For Sutlej River, India would have to record and share data from the Rupur and Harike headworks. For Rupur, data was to be shared ever six hours if the flow ranged between 50,000 to 150,000 cusecs, every three hours if it ranged between 150,000 and 250,000 cusecs, and every hour if it exceeded 250,000 cusecs. For Harike, India needed to release data to Pakistan every six hours if the flow ranged between 50,000 and 100,000 cusecs, three hours if it ranged between 100,000 and 150,000 cusecs, and every hour if it exceeded 150,000 cusecs.
Other headworks marked out in the AFIA include Akhnur for Chenab River, Jammu Tawi for Jammu River and the Beas and Bhakra dams for the Beas River.
According to water commission sources, over the last two days, India has shared data from only one location – Harike on Sutlej River. And if that was not enough, the data shared was incomplete and released only once a day.
In the meantime, Leghari and other senior Punjab Irrigation Department officials said there is no threat of major floods for now. According to them, the water released by India has had the effect of filling up Pakistan’s major dams to full capacity, reducing the country’s water shortage by 14 per cent.
Senate panel meeting
At the meeting of the Senate Standing Committee on Water Resources on Wednesday, Indus Water Commissioner Mehr Ali Shah criticised India’s approach to abiding with IWT, even though he insisted India that had informed Pakistan about the Sutlej floodwater discharge in a ‘timely manner’.

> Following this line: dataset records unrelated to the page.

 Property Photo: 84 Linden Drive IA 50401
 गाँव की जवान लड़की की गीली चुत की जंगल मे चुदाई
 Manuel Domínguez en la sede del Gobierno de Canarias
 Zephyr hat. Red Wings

“Indian authorities informed Pakistan about the release of water on August 19. On the first day, it released 158,000 cusecs and on the second, it released 190,000 cusecs,” he told the panel.

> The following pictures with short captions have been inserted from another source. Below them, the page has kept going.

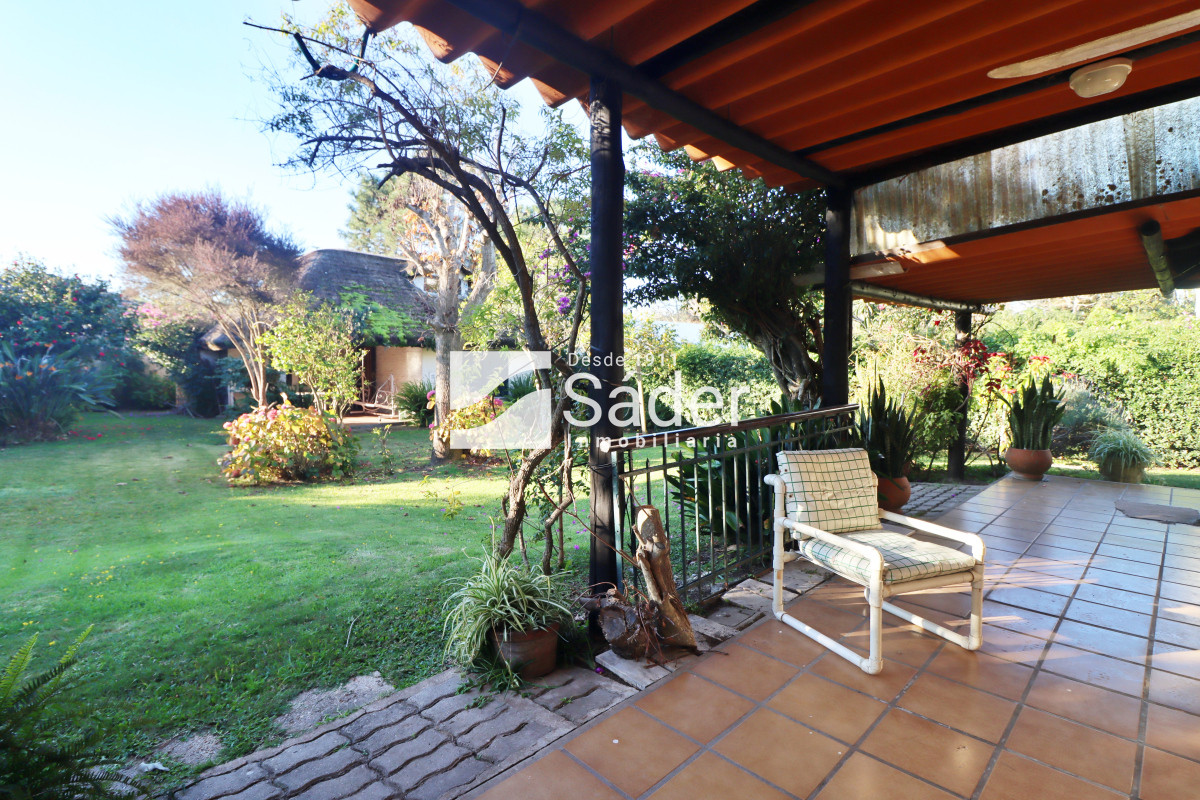 Casa ID.4192 - Chalet estilo tradicional en Pinares con gran terreno y vistas al mar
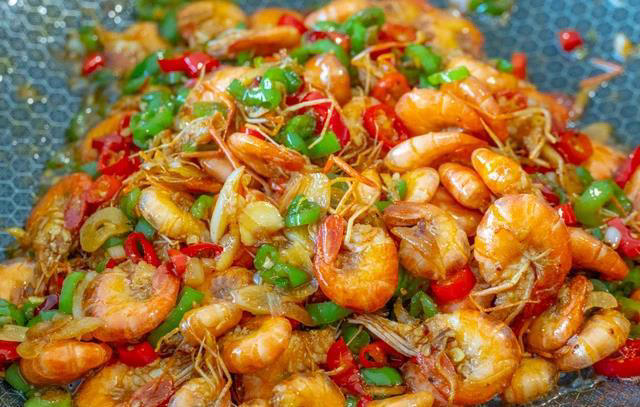 11道湘菜香辣上桌，做法简单到爆，你家餐桌差哪道？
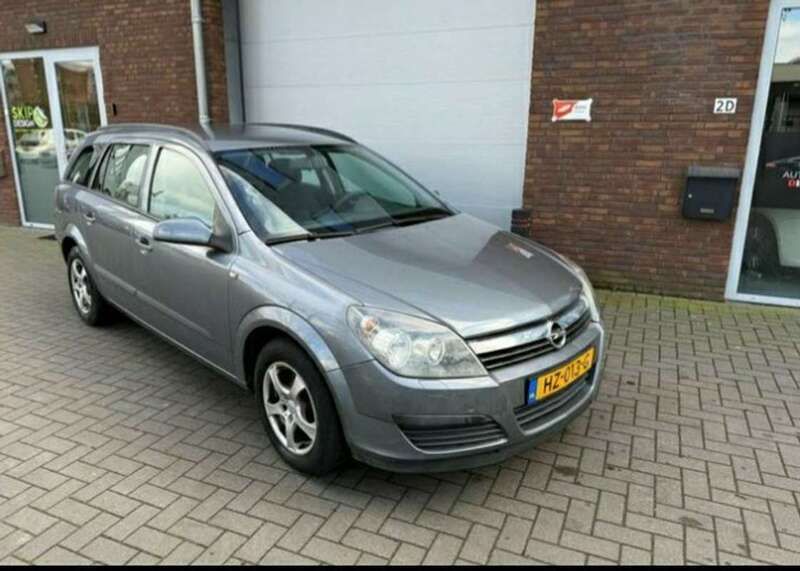 Grijs Gebruikt 2006 Opel Astra Essentia Stationwagen | € 1.000 (Eerlijke prijs) - Afbeelding 1/3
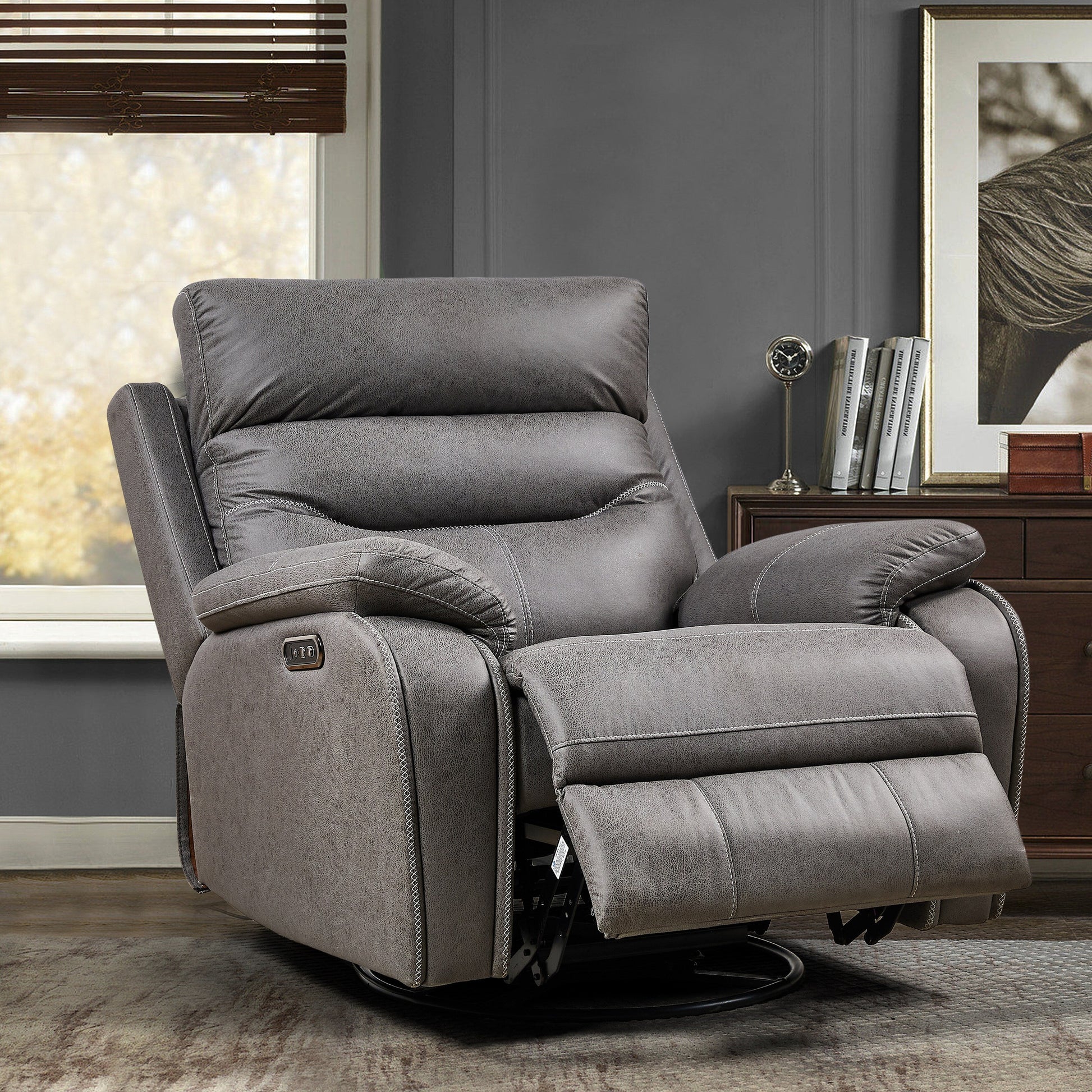 Fauteuil inclinable pivotant à 240° avec double moteur, appuie-tête électrique, positions d'inclinaison infinies, ports de charge USB et repose-pieds.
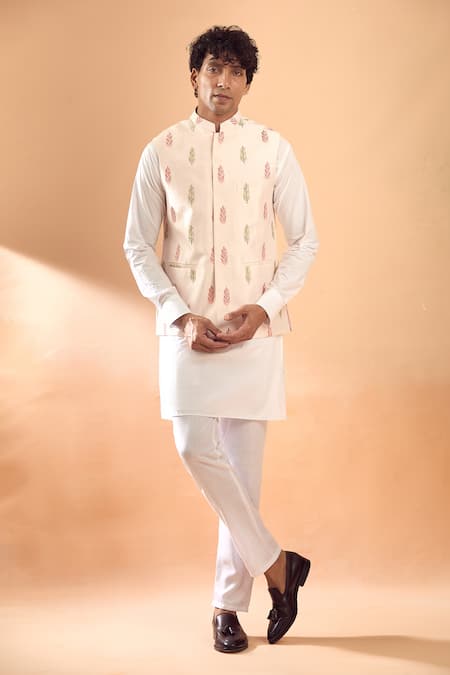 Spring Break Leaf Embroidered Bundi & Kurta Set 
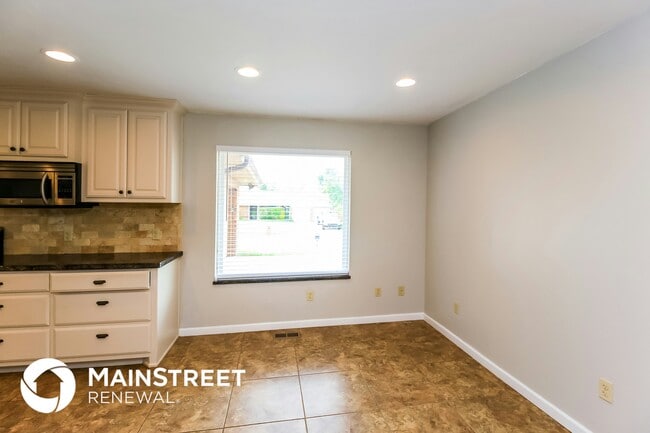 Photo - 305 W Grand Teton Ct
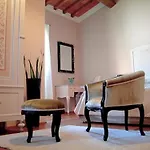 Oda ve Kahvaltı Duchess Boutique De Charme Floransa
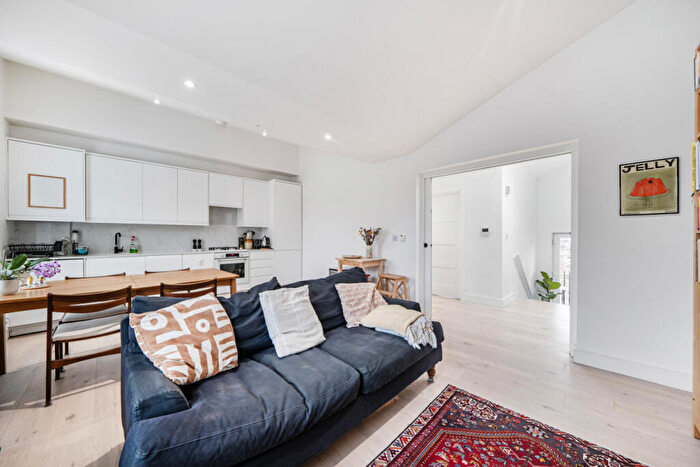 1 Bedroom Flat To Rent In Peckham Road, Camberwell, London, SE5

Water Resources Secretary Muhammad Ashraf also informed the committee that there was no flooding as yet. “We want India to release 200,000 cusecs,” he was quoted as saying. Responding to question, he said his ministry was reviewing statements regarding India violating IWT.
During a discussion on India’s release of water in the Sutlej River, it was recommended that an in-camera meeting be held solely to deliberate on this topic.
The panel, meanwhile, expressed concerns over settlements on flood waterways and directed authorities to restrict further encroachment. It also recommended that the people living on these waterways be resettled at safe places.
Sutlej water level update
The water level in the Sutlej River at Ganda Singh Wala reached 18.8 feet with the flow crossing 55,000 cusecs, officials said on Wednesday, stressing that the flood posed no threat to the irrigation infrastructure while the condition of all safety embankments was satisfactory.
The National Disaster Management Authority (NDMA) reported that about 18 villages in the vicinity of the Sutlej River are now underwater while three more villages have almost been evacuated. Officials expected medium flooding in the next six hours, while a high-level flood was expected in the next 24 hours when the flow was might top 150,000 cusecs.
According to the NDMA, the flood relay would pass Sulemanki Headworks on August 23, Islam Headworks on August 25 and would fall into the Chenab River on August 28 after passing through Panjnad River. The NDMA has issued alert to all the concerned provincial disaster management authorities PDMAs), departments and the local communities.
On Wednesday the discharge at Head Sulemanki was recorded at 18,880 cusecs against its capacity of 325,000 cusecs, the Irrigation officials from the Multan Zone said. Executive Engineer Chaudhry Muhammad Zahid said that there was a low flood in Sutlej, while a normal flood level was observed in Chenab. He added that capacity of Sutlej was 300,000 cusecs, while the discharge at Ganda Singh Wala was 55,900 cusec on Wednesday afternoon.
The NDMA has advised the relevant authorities to create awareness in the public, particularly those residing in and close to river banks and near watercourses not to venture on the flash flood routes, vacate dangerous buildings, remain away from electric wires and avoid swimming.